The robo-advice tools owned by Lime FS — Plenty Wealth and Lime Wealth — are authorised to provide automated personal financial advice to consumers about life insurance, budgeting, tax, investments, and superannuation. Both tools operate using algorithms and technology, without direct involvement of a human adviser.
However, ASIC said after reviewing a sample advice file from Plenty Wealth and Lime Wealth, the quality of advice generated by the automated online tools were “inadequate”. In some instances, the advice generated by the tools conflicted with client goals or other recommendations also generated by the tools.
“Digital advice tools offer a convenient and low-cost alternative to consumers who may otherwise not seek personal financial advice. However, the advice provided through these tools must meet the same legal obligations required of human advisers — the advice must be appropriate to the client and comply with the best interests duty,” ASIC commissioner Danielle Press warned.
ASIC said it was also concerned by Lime FS’ ability to monitor the advice generated from these tools.
“ASIC expects AFS licensees and financial advisers using or recommending digital advice tools to ensure that they adequately monitor and test the advice for quality and appropriateness,” Press said.
See also: Artificial intelligence ethics policy (TechRepublic)
It’s cases such as these that have sparked the likes of the Commonwealth Scientific and Industrial Research Organisation (CSIRO) into calling for the development of artificial intelligence (AI) with a sufficient framework to ensure nothing is set onto citizens without appropriate ethical consideration.
Data61, CSIRO’s digital innovation arm, published a discussion paper in April on the key issues raised by large-scale AI, seeking answers to a handful of questions that are expected to inform the government’s approach to AI ethics in Australia.
Conceding that there is no one-size-fits all solution to the range of legal and ethical implications issues related to AI, CSIRO identified nine tools it says could be used to assess risk and ensure compliance and oversight.

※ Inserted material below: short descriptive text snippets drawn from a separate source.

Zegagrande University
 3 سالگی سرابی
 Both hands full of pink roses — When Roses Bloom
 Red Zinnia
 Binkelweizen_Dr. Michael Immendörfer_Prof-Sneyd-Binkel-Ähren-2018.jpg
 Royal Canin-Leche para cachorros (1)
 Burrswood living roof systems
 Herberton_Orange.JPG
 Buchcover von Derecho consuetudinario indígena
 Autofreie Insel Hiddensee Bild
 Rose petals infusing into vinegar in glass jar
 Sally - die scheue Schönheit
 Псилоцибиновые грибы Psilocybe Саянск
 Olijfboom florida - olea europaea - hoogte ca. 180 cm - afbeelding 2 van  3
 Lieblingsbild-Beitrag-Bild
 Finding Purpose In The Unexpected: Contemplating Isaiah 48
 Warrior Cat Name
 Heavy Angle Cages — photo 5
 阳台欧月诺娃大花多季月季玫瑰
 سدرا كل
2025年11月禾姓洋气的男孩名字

These were impact assessments, reviews, risk assessments, best practice guidelines, industry standards, collaboration, monitoring and improvement mechanisms, recourse mechanisms, and consultation.
The Australian National University recently launched a research project to focus on designing Australian values into AI systems.
The humanising machine intelligence (HMI) project will see 17 core researchers involved in building a design framework for moral machine intelligence (MMI) that can be widely deployed.
Head of School of Philosophy at the ANU Seth Lazar previously told ZDNet the need to develop moral AI comes off the back of recent concerns about existing AI systems.
“The thing that triggers my concern about AI is there [are] so many ways in which we could use AI for social good but over the last year or two it has become apparent that there are potentially a lot of unintended consequences in which AI could potentially be made for bad reasons,” he said. “So there’s huge demand and interest for developing AI with moral values.”